農業の未来は…若手農家の研修会 資材高騰で将来を悩む若者も 希望は「消費者とのつながり」 農村と消費地が近い広島の利点生かして

広島県内の若手農家を集めた研修会が先日、広島市でありました。農業資材の高騰が農家の経営を圧迫する中、将来の進路を悩む若手もいました。

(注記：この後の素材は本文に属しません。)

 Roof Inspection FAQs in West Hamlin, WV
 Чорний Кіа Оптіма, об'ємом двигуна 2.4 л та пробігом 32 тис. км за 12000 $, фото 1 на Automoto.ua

「ひろしま未来農業者ミーティング」は、就農5年以内の若手を対象に農家のグループや県などが毎年、開いています。関心事の一つがウクライナ危機以降続く、資材高騰への対応です。

就農研修中の若者(北広島町)
「経営破綻にならないように、スタートした時から安定して生産が行われるようなこと今、考えてますね」
県農業経営者クラブ 藤本聡 会長
「広島県だから出会える人々との、そういった中での売り方をしていく、そうしたことが1つ広島県の農業を楽しくする」

グループの代表、藤本聡さんは、参加者に作物のPRを考えるよう課題を出しました。厳しい時代だからこそ消費者へのアピールが必要というのです。進路を悩んでいる青年がいました。

佐藤望さん(21)(庄原市)
「なぜ農業しようと思ったか、結構聞いてみたいです。正直お金稼ぐだけならいくらでもあるじゃないですか、何をもってして農業始めるのかな」

佐藤望さんは、研修会で課題を出した藤本聡さんの農園で働いています。5年後には独立するつもりです。ところが県の経営モデルを参考に計画を立てたところ、資材高騰の影響で、とても資金が足りないと分かったそうです。

佐藤望さん(21)(庄原市)
「1000万とか2000万とか、結構ポンポン、ハウス建てたりトラクター買ったり。無理じゃないかな返済できんわって、一歩が出せないという、そんな感じですかね」

県農業経営者クラブ 藤本聡 会長
「今の彼らの夢が叶わないと。農業そのものが本当に立ち行かなくなるのが見えてますんで」

藤本さんの地域でも高齢化で農業をやめる人が相次いでいます。この2頭の牛も飼えなくなった人から引き取りました。

希望は消費者とのつながりです。

藤本さんの農園ではアイガモ農法を通じたコメ作りで、消費者との関係を作り安定した経営を行ってきました。研修会で、作物のPRを課題に出したのもそのためです。

県農業経営者クラブ 藤本聡 会長
「広島県は農村と消費地が近いので、そこの利点を最大限活かして、お互いに情報交換をしていくと、ほかの県にはない価値のある地域になっていくんじゃないかと」

研修会では今、急成長している県内3人の野菜農家が講演しました。

西坂和真さん
「サラリーマンになるよりも、絶対売り上げ上げられると思うので、農業は絶対これからチャンスだと思う。がんばってみて下さい」

「やればできる」という先輩たちの話に、佐藤さんも刺激を受けたようです。

佐藤望さん
「何かやってみたら案外、うまくいくんじゃないかなと。今回、話聞いてたりしてて」

研修会の最後は作物のPRです。佐藤さんは、自ら手を上げ前へ出ました。

佐藤望さん
「弊社では一粒万笑。そのおコメ食べておいしい!という笑顔。秋の収穫体験で収穫してもらって、活動している時の消費者様の笑顔。僕たちの給料が支払われて、うるおって僕も笑顔になるっていう、そういった万の笑顔を生み出せるというのが、株式会社・藤本農園のおコメだと、私は自己PRをします。ありがとうございました」

藤本さんは佐藤さんが農園のコメ作りを理解していたことを知り喜びました。やる気を取り戻した佐藤さん…。春からは、初めて野菜作りに挑戦します。